5. Structure of an Inverted Page Table
Each entry corresponds to one physical frame.
Typical fields include:
Process ID (PID)
Identifies the process that owns the page.
Page Number
Specifies which virtual page is stored in the frame.
Control Information
Contains management bits such as:
Valid bit
Protection bit
Reference bit
Dirty bit
6. Example Structure
| Frame Number | PID | Page Number |
|---|---|---|
| 0 | 1 | 5 |
| 1 | 2 | 3 |
| 2 | 1 | 8 |
| 3 | 3 | 1 |
This means:
Frame 1
contains
Process 2
Page 3
7. How Address Translation Works
The CPU generates:
(PID, Page Number, Offset)
The operating system must determine:
Which frame contains
(PID, Page Number)?
Once found:
Physical Address
=
Frame Number + Offset
8. Translation Steps
Step 1
CPU generates:
(PID, Page Number, Offset)
Example:
PID = 2
Page = 3
Offset = 100
Step 2
Search the inverted page table.
Find:
(PID = 2, Page = 3)
Suppose it is located at:
Frame 1
Step 3
Construct physical address:
(Frame 1, Offset 100)
This becomes the final physical address.
9. Major Challenge
Unlike traditional page tables:
Page Number
↓
Direct Index
↓
Frame Number
there is no direct indexing in IPT.
Instead:
PID + Page Number
↓
Search Table
↓
Frame Number
Searching can be expensive.
10. Need for Hashing
To avoid linear searching, most systems use:
Hash Tables
Basic Idea
Hash(PID, Page Number)
↓
Locate Entry
↓
Get Frame Number
Hashing makes lookups much faster.
11. Hash-Based Lookup Example
Suppose:
PID = 2
Page = 3
Compute:
Hash(2,3)
The hash function points to a location in the inverted page table.

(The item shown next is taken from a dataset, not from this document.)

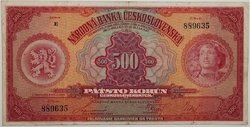 500 Kč 1929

The matching entry is then retrieved quickly.
12. Why Inverted Page Tables Save Memory
Consider:
Virtual Pages
=
1,000,000
Traditional paging requires:
1,000,000 Entries
If physical memory contains:
10,000 Frames
then IPT requires only:
10,000 Entries
This is a massive reduction.
13. Advantages of Inverted Page Table
Reduced Memory Consumption
Only one entry per physical frame.
Single Global Structure
No separate page table for each process.
Better Scalability
Works efficiently for large address spaces.

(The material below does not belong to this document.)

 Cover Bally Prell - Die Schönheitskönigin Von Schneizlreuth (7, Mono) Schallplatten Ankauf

Suitable for 64-bit Systems
Large virtual spaces become manageable.
Reduced Page Table Overhead
Significantly smaller memory footprint.
14. Disadvantages of Inverted Page Table
Slower Lookup
Direct indexing is not possible.
Search Overhead
Requires searching or hashing.
More Complex Design
Implementation is more complicated.
Additional Hardware Support
Efficient performance often requires special support mechanisms.

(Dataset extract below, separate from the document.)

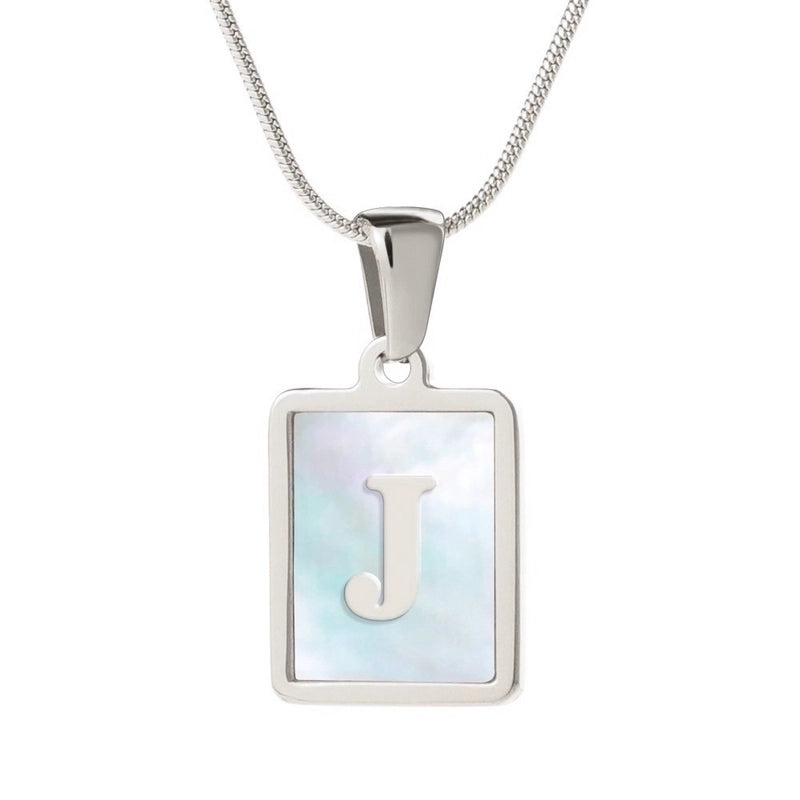 Stainless Steel 18K Gold Plated Casual Commute Plating Inlay Letter Shell Pendant Necklace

15. Traditional vs Inverted Page Table
| Feature | Traditional Page Table | Inverted Page Table |
|---|---|---|
| Number of Tables | One per process | One global table |
| Entries Based On | Virtual pages | Physical frames |
| Memory Usage | High | Low |
| Lookup Method | Direct indexing | Search/Hash |
| Complexity | Low | High |
| Scalability | Moderate | Excellent |
16. Example Comparison
Suppose:
Virtual Pages = 1,000,000
Physical Frames = 10,000
Traditional Page Table
Entries Required
=
1,000,000
Inverted Page Table
Entries Required
=
10,000
Memory reduction:
100× smaller
17. Relationship with Paging
Normal Paging:
Page Number
↓
Page Table
↓
Frame Number
Inverted Paging:
(PID, Page Number)
↓
Inverted Page Table
↓
Frame Number
The fundamental paging concept remains the same.
Only the organization of the page table changes.
18. Real-World Analogy
Imagine a library.
Traditional Page Table
A list of every book and the shelf where it is stored.
Book → Shelf
Large libraries require huge lists.
Inverted Page Table
A list of shelves and the book currently stored on each shelf.
Shelf → Book
Since shelves are limited, the list remains small.
19. Practical Usage
Inverted page tables are particularly useful in:
Large memory systems
64-bit operating systems
Enterprise servers
Systems with huge virtual address spaces
Some operating systems combine:
Inverted Page Tables
+
Hashing
+
TLBs
to achieve efficient address translation.
Most Important Point
Inverted page tables reduce page table memory overhead by storing one entry per physical frame instead of one entry per virtual page, making them highly suitable for large address-space systems.